To make matters more complex, the same model may have different naming conventions (e.g., `gpt-4-turbo` vs `openai/gpt-4-turbo`), different version snapshots, and different pricing strategies across platforms. This fragmentation not only increases development costs but also easily leads to configuration errors and cost estimation deviations.

The modelscan/registry project was created to address this pain point; it aims to build an open, unified, machine-readable metadata registry for large language models.

---

## Single Trusted Data Source

The core of the project is a single JSON file named `models.json`, hosted on GitHub and distributed via CDN. This file contains complete metadata for all included models, covering everything from basic identity information to complex commercial pricing strategies. As of June 2026, the registry has included over 1197 models, covering mainstream commercial and open-source models.

## Stable Identity Recognition

Each model in the registry has a standardized `id` that is stable across platforms. Even if the same model has different names across sources (e.g., version snapshots with date suffixes), the registry merges them under the same base ID and retains the original naming format in the `alias_id` field. This design ensures that the same model is not split into multiple records, making it easy for developers to manage and query uniformly.

## Dual Currency Pricing Support

Considering the actual situation of the global model market, the registry supports retaining pricing information in multiple currencies simultaneously. USD quotes from OpenRouter and LiteLLM can coexist with CNY quotes from Alibaba Cloud Tongyi Qianwen and Volcano Engine Ark in the same model record. Developers can choose the appropriate pricing source based on their needs without precision loss from exchange rate conversion.

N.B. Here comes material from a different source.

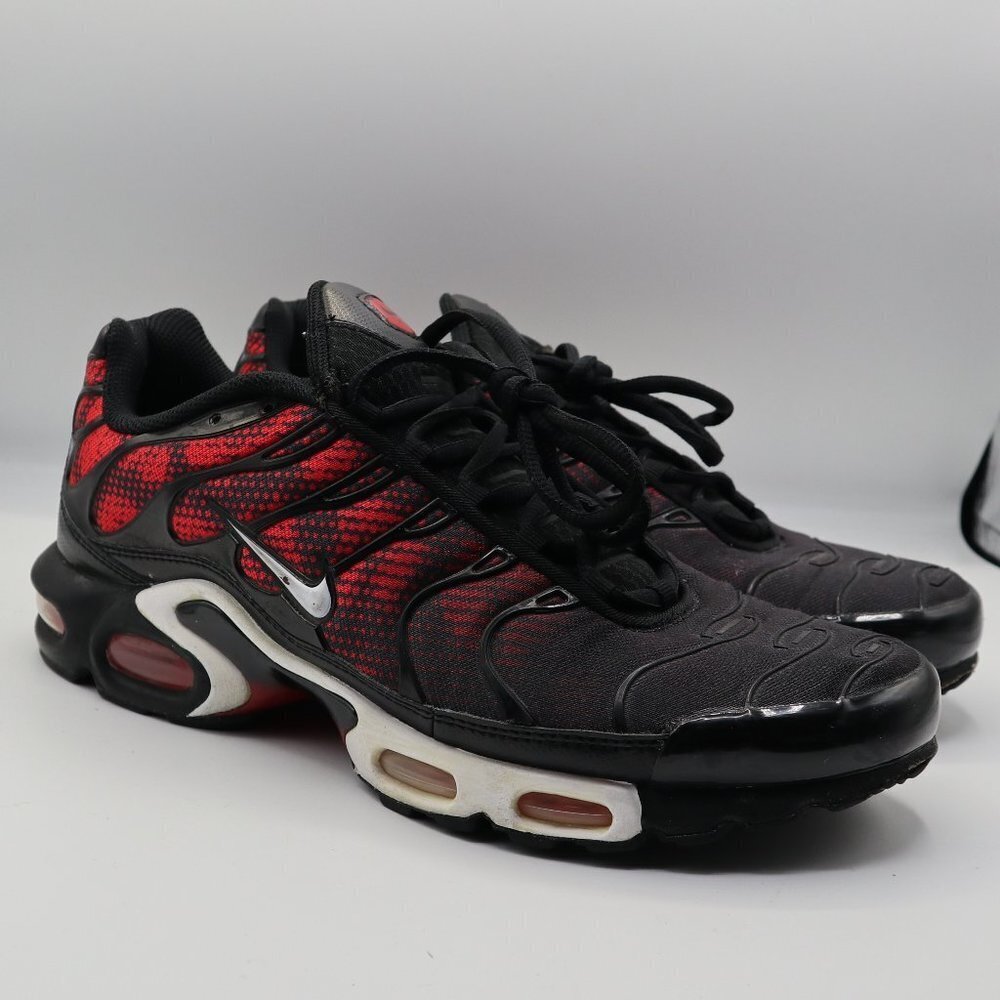 Black Red Air Max Plus TXT Men's Athletic Shoes Size 10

## Separation of Facts and Quotes

The registry divides data into two layers: top-level fields store source-agnostic factual information (such as context length, maximum input/output token count, supported modalities, etc.), which is derived by merging data from multiple sources; commercial data (prices, endpoint paths, rate limits, etc.) is stored in the `offers` array, and each quote clearly indicates its source to ensure data traceability.

## Tiered and Conditional Pricing

In reality, model pricing is often not a simple single price but includes multiple tiers (e.g., tiered pricing based on input token volume) or conditions (e.g., variations in video resolution, audio duration, etc.). The `prices` field in the registry is an array where each element represents a pricing tier, which can include condition thresholds and variant labels to accurately reflect real-world commercial models.